Mirrored symmetry always looks weird. It always has and always will. Frankensteined symmetry that takes bits and pieces of the best details on both sides, but ignoring the rest, is a bit more pleasing than mirrored symmetry, but it is still lacking because it still fails to incorporate all details, shapes and idiosyncrasies into the design. That's where averaged symmetry marvels. It will give you perfection that utilizes everything and gives you something that actually still looks like the original, but in a symmetric form.

I'm so glad I was able to convince Dan that this was the kind of symmetry his project deserved and he was interested in making this happen, as it actually meant a fulfillment of his wishes by doing it that way. Even though I have been distancing myself from the hobby for some time now, I'm glad I didn't keep silent. The end result shows a perfectly averaged symmetrical version of the OT trooper helmet, which will be very hard to top.

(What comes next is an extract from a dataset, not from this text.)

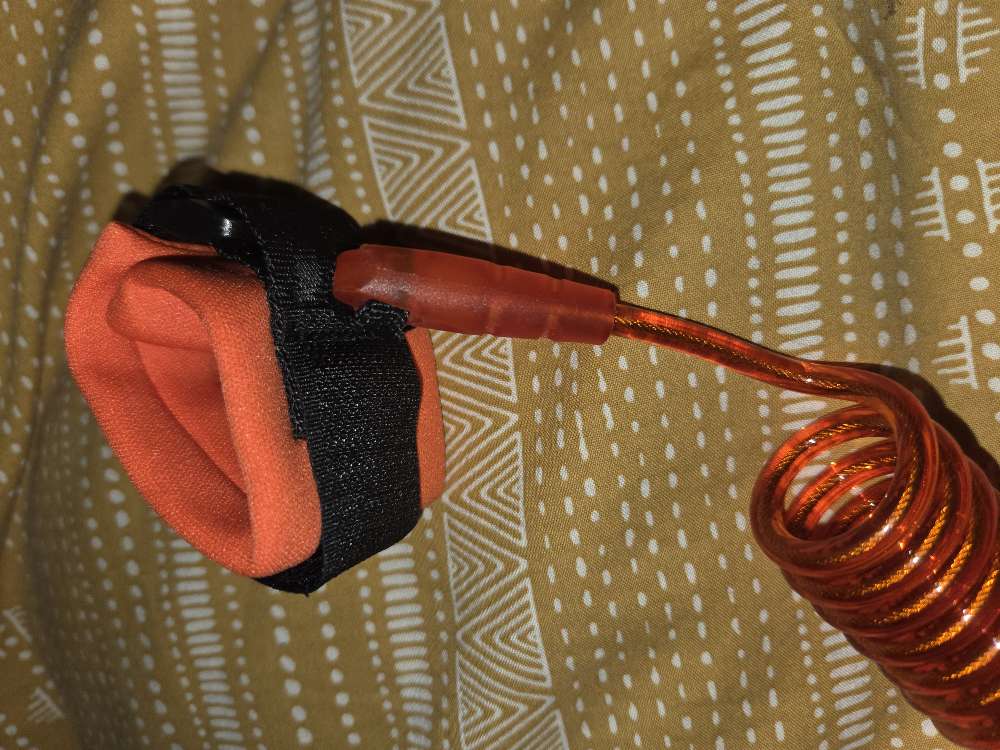 Göngubönd fyrir börn nýtt appelsínugult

yes, i have to admit, i was going for the mirrored style at first. the helmet's right side. the one with the sty. thought it would be a better version of what is seen on screen and of what others have done with the helmet's left side in the past. but when you suggested and explained there was a way to combine both sides, i knew that would be the best route to take to make a true symmetrical helmet that would have the look and more importantly, feel of the OT lids.
plus, this is something that has not ever been done before. its a first of its kind so to speak.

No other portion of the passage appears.